Updating proxy embeddings: 100%|██████████| 145/145 [00:09<00:00, 15.76batch/s]


# Criterion

In [10]:
# define criterion
class SkillCriterion(nn.Module):
    def __init__(self, fp_penalty=0.0, temperature=1.0):
        super().__init__()
        self.fp_penalty = fp_penalty
        self.temperature = temperature

    # calculate loss for is_skill (with false positives penalty) and skill_id (with temperature)
    def forward(self, is_skill_logits, is_skill_labels, skill_id_logits, skill_id_labels):
        is_skill_loss = F.binary_cross_entropy_with_logits(is_skill_logits.float(),
                                                           is_skill_labels.float(),
                                                           reduction='none')
        is_skill_loss *= 1 + ((is_skill_logits > 0.0) & (~is_skill_labels.bool())).float() * self.fp_penalty
        is_skill_loss = is_skill_loss.mean()
        if (skill_id_labels > -1).sum() > 0:
            skill_id_loss = F.cross_entropy(skill_id_logits / self.temperature, skill_id_labels, ignore_index=-1)
        else:
            skill_id_loss = torch.tensor(0.0, device=is_skill_logits.device)
        return is_skill_loss + skill_id_loss, {'is_skill_loss': is_skill_loss.item(), 'skill_id_loss': skill_id_loss.item()}

# init criterion
criterion = SkillCriterion(fp_penalty=C.FP_PENALTY, temperature=C.TEMP_INITIAL).to(C.DEVICE)

# Metrics

In [11]:
# define metrics
class SkillMetrics(nn.Module):
    def __init__(self, cap_temp=1.0):
        super().__init__()
        self.cap_temp = cap_temp

    # calculate metrics
    def forward(self, is_skill_logits, is_skill_labels, skill_id_logits, skill_id_labels, sentences):
        with torch.no_grad():

            # group entries by unique sentences
            sentence_to_indices = {}
            for i, sid in enumerate(sentences.tolist()):
                sentence_to_indices.setdefault(sid, []).append(i)
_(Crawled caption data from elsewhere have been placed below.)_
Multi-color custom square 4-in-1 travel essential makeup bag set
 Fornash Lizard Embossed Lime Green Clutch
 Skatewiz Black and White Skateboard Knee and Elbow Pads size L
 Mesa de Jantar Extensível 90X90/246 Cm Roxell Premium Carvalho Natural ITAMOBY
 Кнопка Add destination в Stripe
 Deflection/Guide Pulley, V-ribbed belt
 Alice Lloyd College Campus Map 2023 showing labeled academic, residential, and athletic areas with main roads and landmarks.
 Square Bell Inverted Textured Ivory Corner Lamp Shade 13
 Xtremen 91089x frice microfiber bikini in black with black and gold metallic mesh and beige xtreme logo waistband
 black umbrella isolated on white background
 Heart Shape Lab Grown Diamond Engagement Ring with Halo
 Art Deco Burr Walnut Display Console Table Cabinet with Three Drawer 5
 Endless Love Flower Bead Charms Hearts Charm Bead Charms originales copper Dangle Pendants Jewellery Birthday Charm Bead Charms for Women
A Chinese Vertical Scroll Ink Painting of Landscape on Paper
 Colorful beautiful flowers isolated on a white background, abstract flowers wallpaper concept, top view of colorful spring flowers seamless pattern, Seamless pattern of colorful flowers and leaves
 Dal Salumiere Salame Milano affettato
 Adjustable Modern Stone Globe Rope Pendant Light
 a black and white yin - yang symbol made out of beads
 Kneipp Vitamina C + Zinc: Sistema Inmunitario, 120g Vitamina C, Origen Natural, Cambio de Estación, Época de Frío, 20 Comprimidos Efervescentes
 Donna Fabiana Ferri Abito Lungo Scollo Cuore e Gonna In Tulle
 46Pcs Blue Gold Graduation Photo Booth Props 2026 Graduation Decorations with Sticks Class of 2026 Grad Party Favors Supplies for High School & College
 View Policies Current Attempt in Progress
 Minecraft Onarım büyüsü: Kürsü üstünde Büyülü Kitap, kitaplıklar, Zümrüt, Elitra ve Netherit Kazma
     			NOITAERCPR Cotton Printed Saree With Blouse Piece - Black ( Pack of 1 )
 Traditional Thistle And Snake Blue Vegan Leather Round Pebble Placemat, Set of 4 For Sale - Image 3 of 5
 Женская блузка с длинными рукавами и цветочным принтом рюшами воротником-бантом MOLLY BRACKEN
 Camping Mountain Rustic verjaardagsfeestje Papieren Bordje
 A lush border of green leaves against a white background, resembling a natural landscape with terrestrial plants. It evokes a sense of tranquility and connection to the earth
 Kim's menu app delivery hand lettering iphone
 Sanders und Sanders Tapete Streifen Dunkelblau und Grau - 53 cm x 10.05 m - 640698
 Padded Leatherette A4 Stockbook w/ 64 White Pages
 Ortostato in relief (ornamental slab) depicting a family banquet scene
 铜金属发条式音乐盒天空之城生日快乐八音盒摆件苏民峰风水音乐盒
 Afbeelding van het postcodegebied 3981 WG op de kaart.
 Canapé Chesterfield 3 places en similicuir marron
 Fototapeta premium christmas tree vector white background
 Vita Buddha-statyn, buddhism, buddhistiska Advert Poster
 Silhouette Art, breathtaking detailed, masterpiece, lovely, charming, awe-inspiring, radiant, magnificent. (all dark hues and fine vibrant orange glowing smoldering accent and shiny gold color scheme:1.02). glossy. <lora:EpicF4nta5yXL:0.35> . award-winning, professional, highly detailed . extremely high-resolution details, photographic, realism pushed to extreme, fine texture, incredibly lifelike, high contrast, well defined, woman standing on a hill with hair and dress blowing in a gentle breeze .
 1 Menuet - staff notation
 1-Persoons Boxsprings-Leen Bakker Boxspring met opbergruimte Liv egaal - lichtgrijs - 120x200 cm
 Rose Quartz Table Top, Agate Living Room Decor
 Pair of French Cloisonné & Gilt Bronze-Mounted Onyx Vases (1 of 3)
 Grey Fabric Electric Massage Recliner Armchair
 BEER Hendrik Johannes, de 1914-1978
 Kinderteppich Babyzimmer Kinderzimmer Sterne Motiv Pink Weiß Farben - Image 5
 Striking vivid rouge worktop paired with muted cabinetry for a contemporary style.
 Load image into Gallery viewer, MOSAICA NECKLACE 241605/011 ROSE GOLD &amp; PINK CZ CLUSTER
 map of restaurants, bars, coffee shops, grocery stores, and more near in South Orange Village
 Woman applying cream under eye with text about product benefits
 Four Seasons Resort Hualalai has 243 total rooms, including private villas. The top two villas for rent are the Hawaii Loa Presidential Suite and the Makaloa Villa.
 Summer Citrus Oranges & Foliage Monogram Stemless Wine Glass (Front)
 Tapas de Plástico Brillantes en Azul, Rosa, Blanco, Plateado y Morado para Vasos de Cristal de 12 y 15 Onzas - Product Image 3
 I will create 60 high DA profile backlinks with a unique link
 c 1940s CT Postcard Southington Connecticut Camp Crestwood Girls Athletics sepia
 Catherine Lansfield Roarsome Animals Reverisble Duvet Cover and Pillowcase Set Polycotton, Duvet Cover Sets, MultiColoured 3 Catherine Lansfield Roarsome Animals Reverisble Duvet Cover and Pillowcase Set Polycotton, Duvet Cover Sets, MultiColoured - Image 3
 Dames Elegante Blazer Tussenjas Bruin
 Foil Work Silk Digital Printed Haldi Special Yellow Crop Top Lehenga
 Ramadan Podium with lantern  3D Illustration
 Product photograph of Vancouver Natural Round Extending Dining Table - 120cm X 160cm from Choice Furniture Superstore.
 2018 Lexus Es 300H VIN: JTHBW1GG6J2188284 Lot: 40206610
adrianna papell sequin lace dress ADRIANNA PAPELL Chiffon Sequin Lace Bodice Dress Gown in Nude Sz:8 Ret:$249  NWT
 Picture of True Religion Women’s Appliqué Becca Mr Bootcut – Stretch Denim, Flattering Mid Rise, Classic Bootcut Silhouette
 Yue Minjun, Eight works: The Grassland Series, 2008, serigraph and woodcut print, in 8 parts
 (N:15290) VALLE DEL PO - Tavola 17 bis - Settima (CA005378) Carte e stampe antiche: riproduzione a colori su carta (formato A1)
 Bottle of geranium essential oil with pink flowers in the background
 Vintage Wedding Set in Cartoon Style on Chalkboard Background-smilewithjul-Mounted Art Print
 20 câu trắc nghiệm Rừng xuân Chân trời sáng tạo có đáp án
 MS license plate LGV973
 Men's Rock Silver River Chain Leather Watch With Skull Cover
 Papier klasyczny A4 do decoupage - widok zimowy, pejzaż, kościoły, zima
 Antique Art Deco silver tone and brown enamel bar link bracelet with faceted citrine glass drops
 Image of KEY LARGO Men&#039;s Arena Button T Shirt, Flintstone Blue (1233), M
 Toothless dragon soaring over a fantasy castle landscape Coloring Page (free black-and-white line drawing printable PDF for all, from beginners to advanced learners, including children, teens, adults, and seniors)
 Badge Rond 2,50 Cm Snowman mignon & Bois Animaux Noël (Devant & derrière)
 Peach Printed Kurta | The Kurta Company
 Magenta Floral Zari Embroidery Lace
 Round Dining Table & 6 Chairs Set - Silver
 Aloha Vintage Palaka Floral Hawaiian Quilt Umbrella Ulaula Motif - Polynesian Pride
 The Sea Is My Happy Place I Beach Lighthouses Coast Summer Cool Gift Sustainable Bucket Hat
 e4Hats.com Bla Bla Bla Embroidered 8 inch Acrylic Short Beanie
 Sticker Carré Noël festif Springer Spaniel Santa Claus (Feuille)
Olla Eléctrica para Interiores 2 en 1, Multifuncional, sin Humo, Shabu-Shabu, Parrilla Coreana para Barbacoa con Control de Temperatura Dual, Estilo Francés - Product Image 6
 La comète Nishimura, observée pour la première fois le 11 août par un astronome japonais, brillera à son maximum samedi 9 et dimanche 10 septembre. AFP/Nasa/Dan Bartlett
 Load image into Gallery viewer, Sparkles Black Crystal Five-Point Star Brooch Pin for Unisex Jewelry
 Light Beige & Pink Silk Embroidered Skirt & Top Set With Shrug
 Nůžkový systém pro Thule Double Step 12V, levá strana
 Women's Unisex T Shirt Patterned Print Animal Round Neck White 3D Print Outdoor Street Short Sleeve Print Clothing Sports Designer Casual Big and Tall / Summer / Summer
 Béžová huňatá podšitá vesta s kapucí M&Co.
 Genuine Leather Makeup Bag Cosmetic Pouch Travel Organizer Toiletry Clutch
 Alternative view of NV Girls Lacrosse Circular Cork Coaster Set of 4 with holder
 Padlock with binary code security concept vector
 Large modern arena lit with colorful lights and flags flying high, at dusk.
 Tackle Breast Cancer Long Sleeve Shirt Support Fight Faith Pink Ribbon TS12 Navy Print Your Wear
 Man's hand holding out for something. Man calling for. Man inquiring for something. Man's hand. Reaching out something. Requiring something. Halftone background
            # mask out duplicate skill sentences from is_skill
            mask = [idxs[0] for idxs in sentence_to_indices.values()]
            is_skill_logits = is_skill_logits[mask]
            is_skill_labels = is_skill_labels[mask]

            # calculate is_skill precision and recall
            tp = ((is_skill_logits > 0.0) & is_skill_labels).sum().item()
            fp = ((is_skill_logits > 0.0) & ~is_skill_labels).sum().item()
            fn = ((is_skill_logits <= 0.0) & is_skill_labels).sum().item()
            is_skill_precision = tp / (tp + fp) if (tp + fp) > 0 else 0.0
            is_skill_recall = tp / (tp + fn) if (tp + fn) > 0 else 0.0

            # initialize skill_id metrics
            mrr_sum, rp5_sum, cap_sum, count = 0.0, 0.0, 0.0, 0

            # softmax probabilities and ranking
            probs = F.softmax(skill_id_logits / self.cap_temp, dim=1)
            ranks = torch.argsort(skill_id_logits, dim=1, descending=True)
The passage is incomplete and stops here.